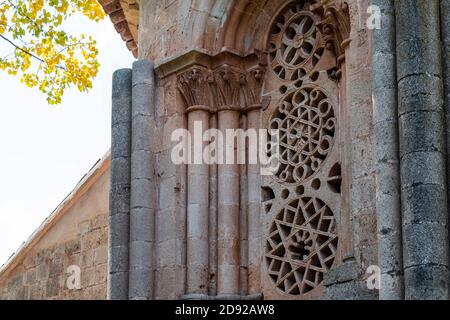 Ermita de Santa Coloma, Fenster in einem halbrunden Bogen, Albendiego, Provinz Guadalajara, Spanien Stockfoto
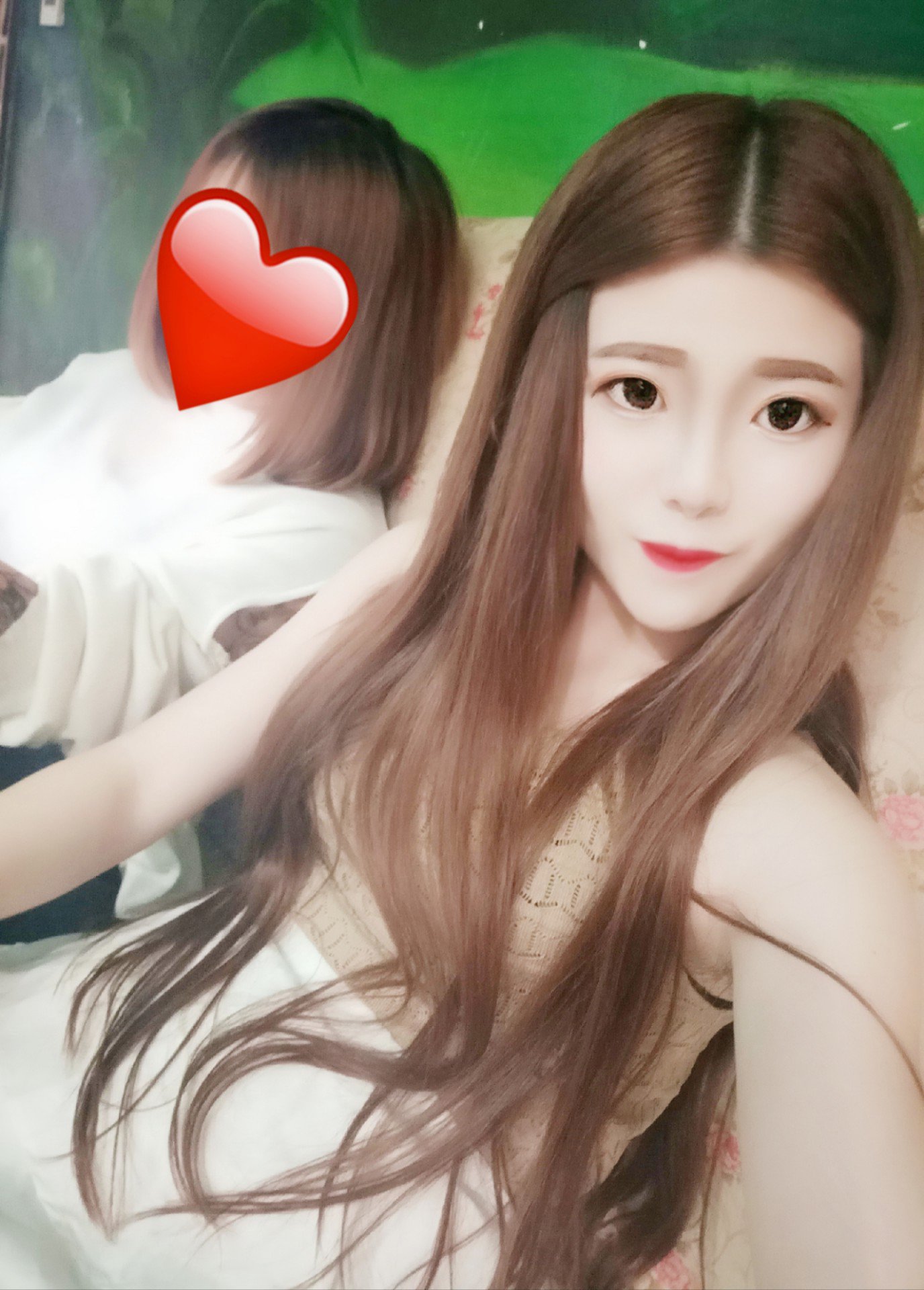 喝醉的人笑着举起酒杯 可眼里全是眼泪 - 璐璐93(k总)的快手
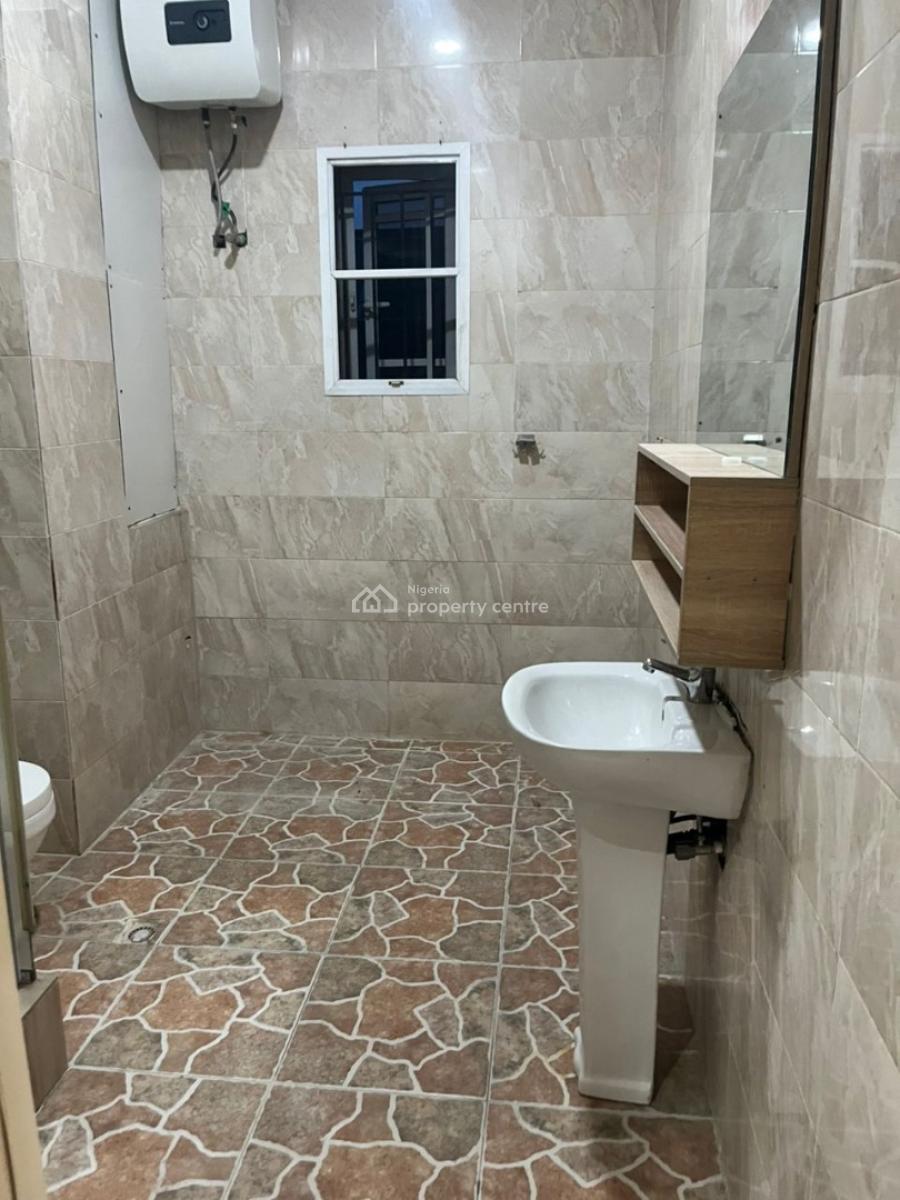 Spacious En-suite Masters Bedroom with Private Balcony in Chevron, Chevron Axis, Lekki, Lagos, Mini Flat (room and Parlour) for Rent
# # # # #
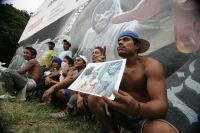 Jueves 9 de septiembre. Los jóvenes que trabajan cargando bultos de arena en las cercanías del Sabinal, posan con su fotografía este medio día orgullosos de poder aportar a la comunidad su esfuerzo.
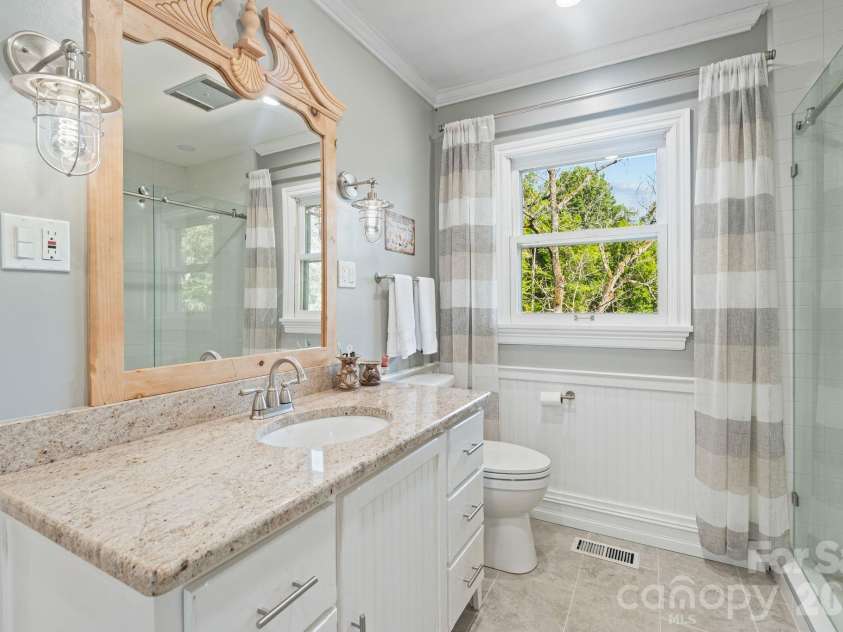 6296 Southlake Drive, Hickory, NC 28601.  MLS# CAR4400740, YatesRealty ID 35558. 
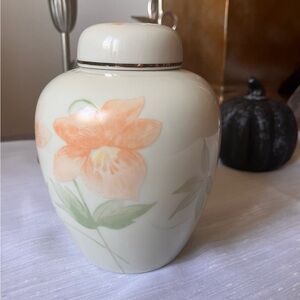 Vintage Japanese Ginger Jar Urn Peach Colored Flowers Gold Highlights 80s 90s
# # # # #
### WHAT IS REQUIRED
Copy exactly the material above from the line with "Ermita de Santa" to the line with "Spacious En-suite Masters", ends included, and nothing else. Leave out any picture.

### RESPONSE BOX
 Ermita de Santa Coloma, Fenster in einem halbrunden Bogen, Albendiego, Provinz Guadalajara, Spanien Stockfoto
 喝醉的人笑着举起酒杯 可眼里全是眼泪 - 璐璐93(k总)的快手
 Spacious En-suite Masters Bedroom with Private Balcony in Chevron, Chevron Axis, Lekki, Lagos, Mini Flat (room and Parlour) for Rent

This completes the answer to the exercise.